25 DEFENDANT CHAMBERLAIN: Yes, sir.
1 THE COURT: Mr. Taft?
2 DEFENDANT TAFT: Yes, sir.
3 THE COURT: So as described to me by the government,
4 the three of you, in April of 2013, were working together to
5 move aliens through -- I don't remember which checkpoint --
6 through the checkpoint, which one?
7 MR. MILLER: It was the Falfurrias checkpoint on that
9 THE COURT: Through the Falfurrias checkpoint. Is
10 that true, Mr. Taft?
11 DEFENDANT TAFT: Yes, sir.
16 THE COURT: And were you doing that for money,
17 Mr. Charles?
18 DEFENDANT CHARLES: Yes, your Honor.
19 THE COURT: Ms. Chamberlain?
20 DEFENDANT CHAMBERLAIN: Yes, sir.
21 THE COURT: And Mr. Taft?
22 DEFENDANT TAFT: Yes, sir.
Taft's sworn statements in open court are entitled to a strong presumption of truthfulness. United States v. Lampaziane, 251 F.3d 519, 524 (5th Cir. 2001) (citing Blackledge v. Allison, 431 U.S. 63, 74 (1977)). Indeed, the Fifth Circuit affords "great weight to the defendant's statements at the plea colloquy." United States v. Cothran, 302 F.3d 279, 283-84 (5th Cir. 2002); see also United States v. Maldonado-Rodriguez, 64 F.3d 719, 733 (1st Cir. 1995) (giving credence to defendant's representations at plea hearing that he had not been pressured).

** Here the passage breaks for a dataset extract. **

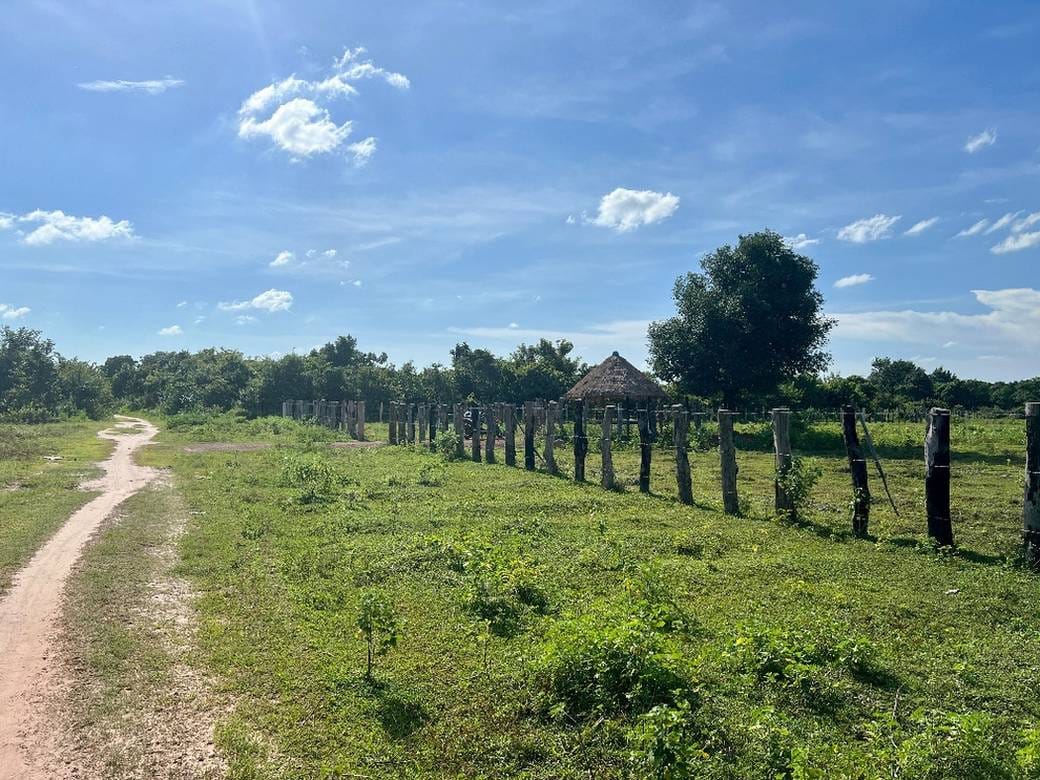 ដី សំរាប់លក់ ទំហំដី 14,109 ម៉ែត្រការ៉េ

Taft's testimony that he understood he was waiving his right both to appeal (except under certain circumstances) and to file any § 2255 motion is all that is required for his waiver to be enforceable. See Wilkes, 20 F.3d at 653 ("a defendant can waive his right to appeal as part of a plea agreement if the waiver is informed and voluntary"). The Court finds that Taft's guilty plea was knowing and voluntary. The Court also finds that Taft's plea agreement and his waiver of § 2255 rights contained therein are valid and enforceable. Id. His remaining claims, except for his claim that counsel refused to file a notice of appeal, fall within the scope of his waiver and are barred from consideration.
C. Failure to file a Notice of Appeal
Taft's claim that counsel refused to file an appeal was raised for the first time in his February 24, 2015, filing. A motion made under § 2255 is subject to a one-year statute of limitations, which, in most cases, begins to run when the judgment becomes final. 28 U.S.C. § 2255(f). The Fifth Circuit and the Supreme Court have held that a judgment becomes final when the applicable period for seeking direct review of a conviction has expired. Clay v. United States, 537 U.S. 522 (2003); United States v. Gamble, 208 F.3d 536, 536-37 (5th Cir. 2000) (per curiam).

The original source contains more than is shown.